April 5, 2017

The Epidemic of Gay Loneliness

Often times, I can't help myself. My brain works in such a way that I always find myself asking questions and being skeptical. In some ways, this is really good, but in others it sometimes comes as a curse. I often find myself as the odd man out or feeling like I'm alone on an island because I feel like I'm the only one thinking what I'm thinking. Once again, I often find myself fearful to speak up out of fear of being rejected or criticized. So, continuing with this theme lately of kicking fear in the butt, I want to share my private email exchange I just sent to a friend:

We've been talking a bit lately about LGBT sexuality and I've been doing a lot of reading about the subject from a Biblical perspective. I've been purposefully reading things that are contrary to what I have been taught growing up because I want to be challenged and I want to make sure that what I believe is truly what I believe, and not just some shallow idea that I'm regurgitating. In that, my friend sent me this blog to read as I processed it, I found myself getting more and more angry...

Honestly, it's a piece like this that makes me angered and embarrassed about the Church.

First, after reading the source material from Huffington Post, I feel like the blog is completely hypocritical. If the blog was written the same way but about Scripture, it would be labeled as proof texting, taking things out of context and making conclusions that the original text didn't make. No conservative Christian would have stood for that and it would be discarded for not being fully honest. Yet, for a Christian author to take a secular article and do exactly the same thing is ok? I argued this in a another blog recently, but if we as followers of Christ want to stand for Truth, then we have to be more consistent in how we handle truth. If we aren't going to handle material honestly and above reproach, then we have no business pointing our finger at the "lies" that other people are telling. 

Second, I think this blog completely places the emphasis on the wrong syllable. It comes across as condescending, demeaning and condemning. I feel like they could have just written, "The gay communities' loneliness, depression and anxiety is their own fault and no one else's." (In essence, it's basically what the first two sentences that starts the piece says...) And by the last paragraph, the way I take it is that our job as Christians is to tell these gay men their sins and convince them of the lies they have been living by. This quickly gets in to dangerous territory...

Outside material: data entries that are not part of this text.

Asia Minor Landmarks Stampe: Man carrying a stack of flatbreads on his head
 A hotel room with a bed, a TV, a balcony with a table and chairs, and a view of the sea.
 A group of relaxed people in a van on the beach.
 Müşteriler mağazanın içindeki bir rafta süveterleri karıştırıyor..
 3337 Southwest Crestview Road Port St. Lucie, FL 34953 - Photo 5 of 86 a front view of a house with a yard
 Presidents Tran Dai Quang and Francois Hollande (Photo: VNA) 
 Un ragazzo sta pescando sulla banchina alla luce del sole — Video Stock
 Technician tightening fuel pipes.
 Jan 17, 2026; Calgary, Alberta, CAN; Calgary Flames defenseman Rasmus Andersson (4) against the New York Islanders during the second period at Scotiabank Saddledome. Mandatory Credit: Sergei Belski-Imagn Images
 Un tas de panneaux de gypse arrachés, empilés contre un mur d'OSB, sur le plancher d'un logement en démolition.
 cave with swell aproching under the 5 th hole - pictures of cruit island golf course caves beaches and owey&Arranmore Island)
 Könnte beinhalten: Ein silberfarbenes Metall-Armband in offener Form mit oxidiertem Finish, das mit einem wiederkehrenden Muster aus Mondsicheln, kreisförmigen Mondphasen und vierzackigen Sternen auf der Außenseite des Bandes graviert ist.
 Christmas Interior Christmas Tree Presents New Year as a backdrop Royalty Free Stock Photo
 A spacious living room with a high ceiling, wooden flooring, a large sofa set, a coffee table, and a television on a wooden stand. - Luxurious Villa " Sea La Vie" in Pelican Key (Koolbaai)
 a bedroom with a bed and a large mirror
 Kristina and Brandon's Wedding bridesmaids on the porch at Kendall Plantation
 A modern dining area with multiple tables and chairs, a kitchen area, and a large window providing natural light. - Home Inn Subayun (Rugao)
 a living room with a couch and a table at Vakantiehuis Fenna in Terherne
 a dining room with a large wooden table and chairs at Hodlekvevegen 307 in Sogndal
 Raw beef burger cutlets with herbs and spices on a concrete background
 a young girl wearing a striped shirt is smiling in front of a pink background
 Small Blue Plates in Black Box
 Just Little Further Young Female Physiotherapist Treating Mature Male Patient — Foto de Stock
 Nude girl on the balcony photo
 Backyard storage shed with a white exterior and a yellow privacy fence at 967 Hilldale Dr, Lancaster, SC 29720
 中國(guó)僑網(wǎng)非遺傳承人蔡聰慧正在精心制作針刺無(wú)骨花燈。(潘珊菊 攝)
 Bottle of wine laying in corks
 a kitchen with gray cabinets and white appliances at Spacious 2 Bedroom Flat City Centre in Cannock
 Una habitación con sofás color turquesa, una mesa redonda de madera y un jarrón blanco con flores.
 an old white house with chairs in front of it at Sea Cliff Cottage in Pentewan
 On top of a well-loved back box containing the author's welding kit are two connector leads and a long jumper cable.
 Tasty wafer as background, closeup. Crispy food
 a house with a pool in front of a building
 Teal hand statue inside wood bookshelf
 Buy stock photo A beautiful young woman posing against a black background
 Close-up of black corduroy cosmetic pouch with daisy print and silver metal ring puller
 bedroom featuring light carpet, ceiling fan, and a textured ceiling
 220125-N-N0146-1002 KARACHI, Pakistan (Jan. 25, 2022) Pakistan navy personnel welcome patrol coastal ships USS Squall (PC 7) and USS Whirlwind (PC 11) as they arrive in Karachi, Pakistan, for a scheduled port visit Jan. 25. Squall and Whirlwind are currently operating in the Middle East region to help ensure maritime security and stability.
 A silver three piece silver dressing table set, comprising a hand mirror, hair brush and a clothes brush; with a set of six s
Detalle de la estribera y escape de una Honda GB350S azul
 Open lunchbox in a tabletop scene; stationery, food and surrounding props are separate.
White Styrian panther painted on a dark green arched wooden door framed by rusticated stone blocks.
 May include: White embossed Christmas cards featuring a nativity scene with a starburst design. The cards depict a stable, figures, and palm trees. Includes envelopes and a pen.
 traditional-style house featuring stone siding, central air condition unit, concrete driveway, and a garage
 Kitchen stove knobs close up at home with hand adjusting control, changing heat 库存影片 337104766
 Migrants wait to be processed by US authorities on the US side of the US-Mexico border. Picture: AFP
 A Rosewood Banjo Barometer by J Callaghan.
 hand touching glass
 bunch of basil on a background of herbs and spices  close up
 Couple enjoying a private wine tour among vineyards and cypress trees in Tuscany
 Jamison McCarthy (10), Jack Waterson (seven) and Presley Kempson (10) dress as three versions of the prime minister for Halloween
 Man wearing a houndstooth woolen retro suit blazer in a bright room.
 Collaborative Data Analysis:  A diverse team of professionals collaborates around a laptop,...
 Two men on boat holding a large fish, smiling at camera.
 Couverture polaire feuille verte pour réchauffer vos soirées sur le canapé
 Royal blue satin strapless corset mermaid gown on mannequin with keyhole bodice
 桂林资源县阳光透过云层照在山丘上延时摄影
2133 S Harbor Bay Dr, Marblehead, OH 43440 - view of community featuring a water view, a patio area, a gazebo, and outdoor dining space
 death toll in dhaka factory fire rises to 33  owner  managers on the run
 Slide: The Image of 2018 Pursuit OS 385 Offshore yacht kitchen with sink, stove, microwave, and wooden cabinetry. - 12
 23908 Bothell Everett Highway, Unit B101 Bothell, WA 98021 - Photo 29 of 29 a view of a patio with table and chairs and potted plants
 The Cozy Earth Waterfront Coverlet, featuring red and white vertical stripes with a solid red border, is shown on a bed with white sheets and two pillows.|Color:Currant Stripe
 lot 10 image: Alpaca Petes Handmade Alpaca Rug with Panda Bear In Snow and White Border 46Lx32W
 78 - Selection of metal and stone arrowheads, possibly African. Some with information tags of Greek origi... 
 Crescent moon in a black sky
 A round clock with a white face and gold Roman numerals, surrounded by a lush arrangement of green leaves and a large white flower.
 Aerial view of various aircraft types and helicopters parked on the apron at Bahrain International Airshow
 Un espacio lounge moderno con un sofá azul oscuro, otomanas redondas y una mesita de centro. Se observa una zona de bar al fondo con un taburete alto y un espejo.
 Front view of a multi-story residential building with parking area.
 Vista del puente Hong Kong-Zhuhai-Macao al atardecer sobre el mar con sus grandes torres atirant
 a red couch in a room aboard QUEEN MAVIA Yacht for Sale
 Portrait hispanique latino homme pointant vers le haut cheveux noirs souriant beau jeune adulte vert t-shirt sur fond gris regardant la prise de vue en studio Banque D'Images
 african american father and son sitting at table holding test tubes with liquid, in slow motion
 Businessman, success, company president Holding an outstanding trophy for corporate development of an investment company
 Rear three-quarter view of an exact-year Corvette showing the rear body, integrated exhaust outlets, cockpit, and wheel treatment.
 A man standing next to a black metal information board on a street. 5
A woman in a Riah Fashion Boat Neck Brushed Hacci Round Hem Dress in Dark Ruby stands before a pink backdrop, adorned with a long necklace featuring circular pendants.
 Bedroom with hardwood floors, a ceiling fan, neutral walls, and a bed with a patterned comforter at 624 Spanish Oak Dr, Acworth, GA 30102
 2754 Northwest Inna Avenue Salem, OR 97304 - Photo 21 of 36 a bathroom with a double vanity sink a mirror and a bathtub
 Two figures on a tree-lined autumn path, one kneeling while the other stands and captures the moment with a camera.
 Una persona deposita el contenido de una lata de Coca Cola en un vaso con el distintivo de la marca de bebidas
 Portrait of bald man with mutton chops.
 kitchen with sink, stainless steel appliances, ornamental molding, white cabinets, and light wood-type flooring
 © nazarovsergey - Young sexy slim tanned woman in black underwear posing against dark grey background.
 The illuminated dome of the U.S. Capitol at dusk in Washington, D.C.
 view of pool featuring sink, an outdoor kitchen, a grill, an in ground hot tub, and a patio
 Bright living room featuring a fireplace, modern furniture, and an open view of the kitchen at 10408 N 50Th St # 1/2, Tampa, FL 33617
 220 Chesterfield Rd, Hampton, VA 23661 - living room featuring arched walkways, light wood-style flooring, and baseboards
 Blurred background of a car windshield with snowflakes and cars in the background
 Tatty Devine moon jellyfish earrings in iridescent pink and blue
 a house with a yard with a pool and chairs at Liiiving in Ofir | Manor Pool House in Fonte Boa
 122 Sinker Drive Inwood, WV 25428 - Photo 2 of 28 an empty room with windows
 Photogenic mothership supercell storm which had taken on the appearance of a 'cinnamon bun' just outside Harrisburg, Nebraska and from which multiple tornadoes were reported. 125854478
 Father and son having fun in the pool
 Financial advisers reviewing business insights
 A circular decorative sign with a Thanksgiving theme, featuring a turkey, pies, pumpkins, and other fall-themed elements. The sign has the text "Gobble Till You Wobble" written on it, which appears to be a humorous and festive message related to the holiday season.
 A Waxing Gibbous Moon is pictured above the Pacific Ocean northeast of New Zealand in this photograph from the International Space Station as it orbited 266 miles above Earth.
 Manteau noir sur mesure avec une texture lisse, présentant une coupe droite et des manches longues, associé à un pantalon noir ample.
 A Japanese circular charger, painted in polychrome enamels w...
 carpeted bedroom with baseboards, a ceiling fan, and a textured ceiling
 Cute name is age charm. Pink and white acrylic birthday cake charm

In contrast, what I heard in the original piece is a cry for help:
  • "We're lonely and don't have many real relationships."
  • "We're struggling to find love and acceptance."
  • "We feel like we have to constantly hide, even with legal rights being granted."
  • "We're wounded and hurt and we're stuck in a cycle of wounding others to "protect" ourselves?"
  • "We're buried in shame because we can't be vulnerable, ever, because we'll be ridiculed and shut down."
If we're honest, these cries aren't any different from the ones that you and I have found ourselves saying as well at different seasons in our lives. More than anything, the original post is a reminder that we're all human. We have different issues, different journeys, but at the core, we're all created in the image of God and know that "it's not good for the man to be alone."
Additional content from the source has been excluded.